Com mágoa profunda, Camões lamenta que,
para além do infortúnio do seu fado, ainda
tivesse de suportar a falta de reconhecimento ou
a indiferença dos que deveriam ter para com ele
deferimento. Era a medrança dos indignos em
detrimento dos de merecimento (como ainda hoje
em muitos casos!): «E ainda, Ninfas minhas,
não bastava / Que tamanhas misérias me
cercassem, / Senão que aqueles que eu cantando
andava / Tal prémio de meus versos me
tornassem: / A troco dos descansos que
esperava, / Das capelas de louro que me
honrassem, / Trabalhos nunca usados me
inventaram, / Com que em tão duro estado me
deitaram!»9
Qual voz duma consciência coletiva, seu
canto zurziu o ócio, a cobiça, a ambição e a
tirania : «Por isso, ó vós que as famas
estimais, / Se quiserdes no mundo ser
tamanhos, / Despertai já do sono do ócio
ignavo, / Que o ânimo, de livre, faz escravo.

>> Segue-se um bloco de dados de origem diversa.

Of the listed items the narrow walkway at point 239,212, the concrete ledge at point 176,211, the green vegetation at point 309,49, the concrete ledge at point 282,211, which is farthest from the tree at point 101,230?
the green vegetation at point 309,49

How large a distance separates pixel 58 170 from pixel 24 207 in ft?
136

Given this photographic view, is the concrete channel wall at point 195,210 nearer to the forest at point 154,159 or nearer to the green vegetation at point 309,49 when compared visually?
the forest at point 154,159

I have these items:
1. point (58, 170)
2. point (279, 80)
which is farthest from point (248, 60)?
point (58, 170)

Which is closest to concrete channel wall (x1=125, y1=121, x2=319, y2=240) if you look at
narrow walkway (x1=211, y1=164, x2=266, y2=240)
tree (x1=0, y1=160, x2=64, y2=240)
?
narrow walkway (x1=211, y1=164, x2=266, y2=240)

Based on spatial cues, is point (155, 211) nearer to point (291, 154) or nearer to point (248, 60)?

/ / E ponde na cobiça um freio duro, / E na
ambição também, que indignamente / Tomais mil
vezes, e no torpe e escuro / Vício da tirania
infame e urgente; / Porque essas honras vãs,
esse ouro puro; / Verdadeiro valor não dão à
gente. / Melhor é merecê-los sem os ter, / Que
possuí-los sem os merecer.»10
A maior mágoa, porém, a que macerava a
sua alma de poeta épico, era a consciência da
inércia e ausência de vitalidade em que
mergulhava a Pátria, nada condizente com o seu
canto: «Não mais, Musa, não mais, que a lira
/ Tenho destemperada e a voz enrouquecida / E
não do canto, mas de ver que venho / Cantar a
gente surda e endurecida. / O favor com que
mais se acende o engenho / Não no dá a Pátria,
que está metida / No gosto da cobiça e na
rudeza / De ua austera, apagada e vil
tristeza.»11
Era já o desconcerto da própria Pátria
no seu mundo desconcertado: «Os bons vi
sempre passar / No mundo graves tormentos; /
E, para mais me espantar, / Os maus vi sempre
nadar / Em mar de contentamentos. / Cuidando
alcançar assim / O bem tão mal ordenado, / Fui
mau, mas fui castigado. / Assim que, só para
mim / Anda o mundo concertado.»12
Dia das Comunidades. Mas no sentido que lhe daria a alma
do Poeta. Nunca no daqueles que, a coberto de
vãs palavras de circunstância, apenas se lembram
dos seus votos em época de eleições ou, então,
de forma não menos vil, apenas se preocupam com
as suas remessas para o equilíbrio da balança de
pagamentos.
É urgente que o
desconcerto do mundo deixe de ser uma
fatalidade! Afinal, o homem pode comandar o seu
destino!
1 Confrontar Fernando Pessoa,
Mensagem, Ulisses;
2 Sophia de Mello Breiner,
Grades;
3 Luís de Camões, Os
Lusíadas, Canto I, estr. 10;
4 ibidem, Canto III,
estr. 3/4;
5 a descoberta do caminho
marítimo para a Índia (ibidem, Canto
III, estr. 21);
6 ibidem, Canto IV,
estr. 95/96;
7 ibidem, Canto X, estr.
82;
8 ibidem, Canto VIII,
estr. 98/99;
9 ibidem,
Canto VII, estr. 81;
10 ibidem, Canto IX,
estr. 92/93;
11 ibidem, Canto X, estr.
145;
12 Camões, Lírica, Esparsa
sobre o desconcerto do mundo.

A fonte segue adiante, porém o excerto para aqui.